Back in the day (college, and for a few years after) I ran an insane schedule. There was a time I had four campaigns going at once – three fantasy campaigns with GURPS, one Champions campaign – and I was prone to frequent burnout. I had to take a few months off every two to three years.
Then I discovered fantasy combat LARPing. I'd been a GM for twenty years. I'd done that about ten times as often as I was ever a player. Not only did I want to play, but there was the sheer exhilaration of not merely sitting back in an armchair, holding dice and telling a GM what my character was doing, but by-God working my way through a forest, holding a cutlass and leading an actual attack against the bad guys. For real. Being physical again, as I hadn't been since I was a teenager.
It was full of awesome ... and it also took place on the weekends. The summer I went full-on, starting a long stretch of 15-20 events a year, my carefully balanced two-weekends-a-month groups went blooey. I called another "hiatus" -- this one lasted nearly a decade.

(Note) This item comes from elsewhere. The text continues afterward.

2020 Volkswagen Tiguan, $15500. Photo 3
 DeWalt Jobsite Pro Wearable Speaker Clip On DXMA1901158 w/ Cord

But ... combat LARPing is a young adventurer's game. I'd been LARPing 13 years all told by the early 2000s, and I was a few years older than most of the others when I'd started. The politicking had long since gotten to me, it was eating my life, and at age 42 (the oldest player in the game), the six hours of fight practice I was inflicting upon my deteriorating joints each week wasn't doing more than slowing the erosion of my skills. I got out.
So I wasn't being creative, I was bored out of my gourd, our social circle had almost all been in the LARP (and promptly vanished when we did), and my future wife suggested I haul the dusty crates full of papers and gamebooks out of the basement and GM again. That was eleven years ago.
And that's the way to do it. Burned out? Your game just isn't satisfying, and hasn't been for a while? Take six months off and walk in the woods. Take in some hockey or soccer matches. Play board games. Do that volunteer work your gaming schedule sabotaged. Catch up on your reading, go bowling, hit a museum a day a week, whatever. The official rules of that LARP were ceremonially read before every event, and Rule #1 started with "We should all be doing this to have fun."
I keep that in mind. We should all be doing this to have fun. If we're not, we should do something that is, and if that isn't playing RPGs, then it isn't. No harm, no foul. Honest.
Seriously, your friends will understand. Heck, two of the players at the end in 1994 came back, and are in my group today.